Birinci örnekte davranış paterni, yakın ilgilerinden kaçma, ikinci örnekte ise gerçek his ve kanılarını tabir etmekten kaçınmayı içeriyordu. Bunun ömür uzunluğu tekrar eden bir örüntü olduğunu düşünelim. Yaşamsal ihtiyaçlarımızı oluşturan, başkalarıyla yakın münasebetler kurma, inançlı bağlanma, ilişkin olma, onaylanma üzere öbür temel gereksinimlerimizi da göz önünde bulundurarak…
Ayrıca, depresyon tablolarında klinik olarak ön planda olan bulgulardan biri de toplumsal içe çekilme olmakta. Toplumsal içe çekilmenin neden mi sonuç mu olduğunu şimdi bilmediğimizi varsayarak…
Yukarıdaki her iki örnek her durumda ve herkeste olmasa da bazen, kronik depresyon ya da Distimi diye tanımladığımız Süregiden Depresyon Bozukluğunun altta yatan dinamiklerini oluşturabilir. Süregiden Depresyon Bozukluğunun, ruhsal bozuklukların memleketler arası teşhis kriterlerini geliştiren DSM-5 (DSM-5, 2013)’e nazaran belirtileri şunlardır;
-Kişide en az iki yıl mühletle, birçok gün ve günün büyük kısmında çökkün bir duygudurum vardır (ağlamaklı, hüzünlü, umutsuz ya da boşlukta hissetme gibi).
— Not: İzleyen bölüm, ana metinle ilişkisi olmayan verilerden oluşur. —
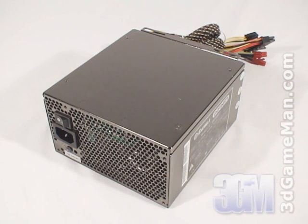This power supply is available in two wattages: 650 and 720. I'm reviewing the 720 model, which is enough power for today's high-end computer systems.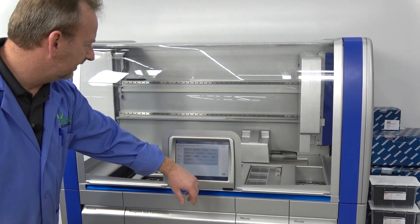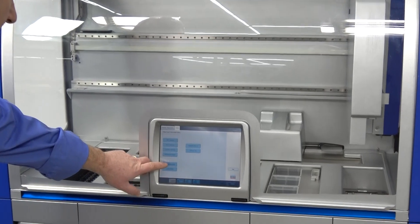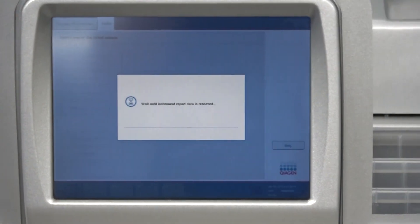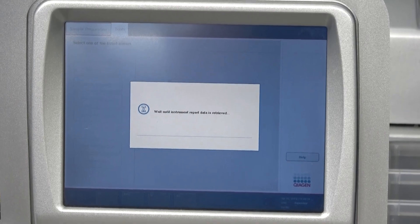We're going to go over to the instrument report, because this is going to give us a lot more information about the instrument itself — specifically the usage on the machine.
-Kişi, gücü azalmış ya da bitkin hissediyor olabilir.
-Benlik hürmeti (kendine verdiği bedel, özgüven hissi vb.) azalmış olabilir.
-Bir şeye odaklanmakta yahut karar vermekte zahmetler yaşayabilir.
-Kişi ümitsizlik ve karamsarlık hislerine sahip olabilir.
-Yemek yeme isteği azalmış ya da artmış olabilir.
-Uyku gereksinimi artmış ya da azalmış olabilir.
Tüm bu belirtiler bireyde bariz bir zahmete ya da toplumsal, mesleksel vb. alanlarda fonksiyonellikte bariz bir düşmeye neden olduğunda Distimi’nin varlığından kelam etmek mümkün hale gelir.
Bu yazımızda, çağın hastalığı olarak tanımlanan depresyonun art planı ve mümkün nedenleri, ayrıyeten Süregiden Depresyon (Distimi) üzerinde durmaya çalıştık.
Yaşadığınız sorunla baş edemediğinizi hissettiğiniz durumlarda bir uzmandan takviye almaktan çekinmeyin lütfen.